Fred Jacobs to Bob Pittman: “Good point and it's great to hear a top broadcaster say this. But we’d better first figure out where our listeners are and what it is they want.”
And with that, we’re wrapping up the field work on our Techsurvey 7. Now I realize that the industry is inundated with research studies, all designed to provide timely information about media and technology usage. And Edison’s “Infinite Dial” series, the most recent of which was presented just last week has done a great job of tracking the nation’s tastes and habits. In fact, Pittman referred to it in his talk at the aforementioned conference.
Our survey asks many of the same questions. But there are two key differences.
First, we’re talking to the radio audience. In fact, because the lion’s share of our 20,000+ sample comes from radio station email databases, we’re doing a deep dive on radio’s most important customers.
These are the people who are fans of radio – the kind that Pittman is talking about. They are consumers who have traditionally listened to radio but are sampling many of the other offerings at the digital smorgasbord. Learning what they're doing is crucial in the quest to better transition radio.
As Arbitron will tell you, PPM is driven by that same core 30% of the audience that contributes in the neighborhood of 70% of listening. To understand that core group and to better serve them is at the heart of our annual research initiative.
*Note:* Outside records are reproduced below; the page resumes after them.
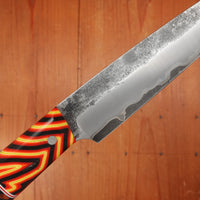 Silverthorn 6" Petty Knife Nashiji Kurouchi San Mai Stainless Clad O1 Carbon Steel G10s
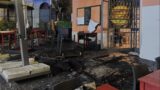 Incendio nella pinseria a Tivoli: ‘Terza volta che ci distruggono il locale’ (FOTO)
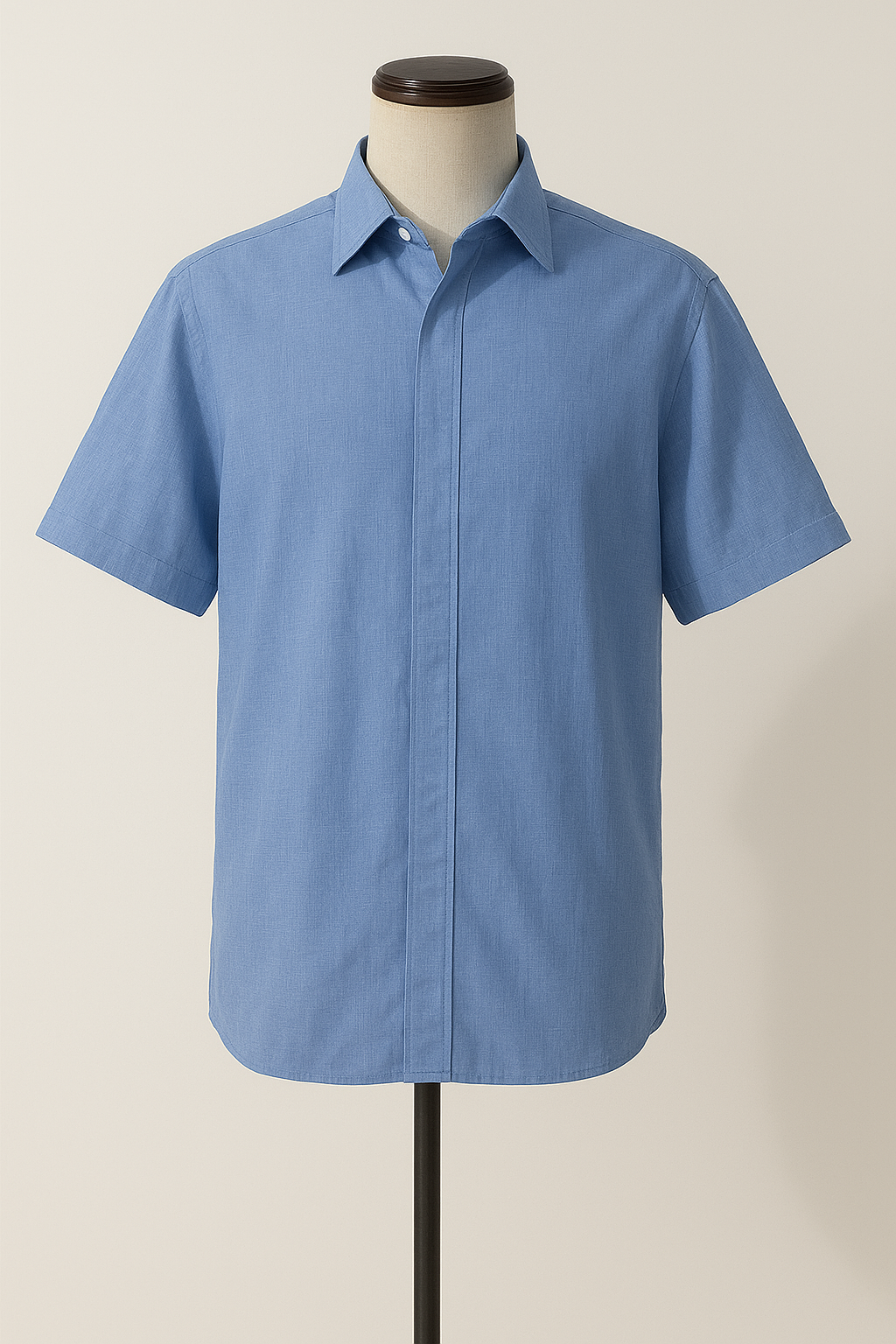 Robert – Casual cotton and linen Short Sleeve Shirt for Men - Image 9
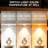 Rechargeable Motion Sensor Night Light, 3 Color Modes Dimmable LED Pebble Light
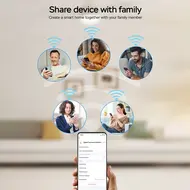 ​LCD digital thermostatic radiator valve for Tuya Zigbee APP mini radiator valve smart temperature controller automatic radiator voice control thermostat control switch touchscreen - White 559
While radio has a myriad of challenges, Mission #1 is to gain an understanding of what the audience is doing right now – and where they will be headed in the future. That’s how you put together a viable game plan to assess how your audience is accessing content today while anticipating what's coming down the road.
But the other element has to do with relationships. Techsurvey 7 isn’t just about whether they own a smartphone, subscribe to satellite radio, or determining how many hours a day they spend on the Internet.
It is also about engagement with our brands, and this year’s survey explores the how’s, why’s, and where’s that define how radio connects with its fluid audience. Do they want to “like” our Facebook page, have a texting relationship with the station, and follow our DJs on Twitter? We cannot connect with the audience unless we first understand where they are, what they want, and how our brands integrate with their lives.
It’s this research that motivated us to build jacAPPS, radio’s largest creator of smartphone apps. And why we’ve recently hired social media strategist Lori Lewis to help provide guidance and clarity to this space.
Pittman is a breath of fresh air at Clear Channel – a company that has traditionally taken a top-down attitude toward consumers. As he well knows, it is no longer about what’s good for us – it’s about what’s good for the customer. Until radio focuses on that priority, it will be out of sync with companies like Google, Pandora, Apple, Groupon, and Amazon – our new competitors.
We look forward to presenting Techsurvey 7 early next month, and we hope Mr. Pittman tunes in to see the data for himself.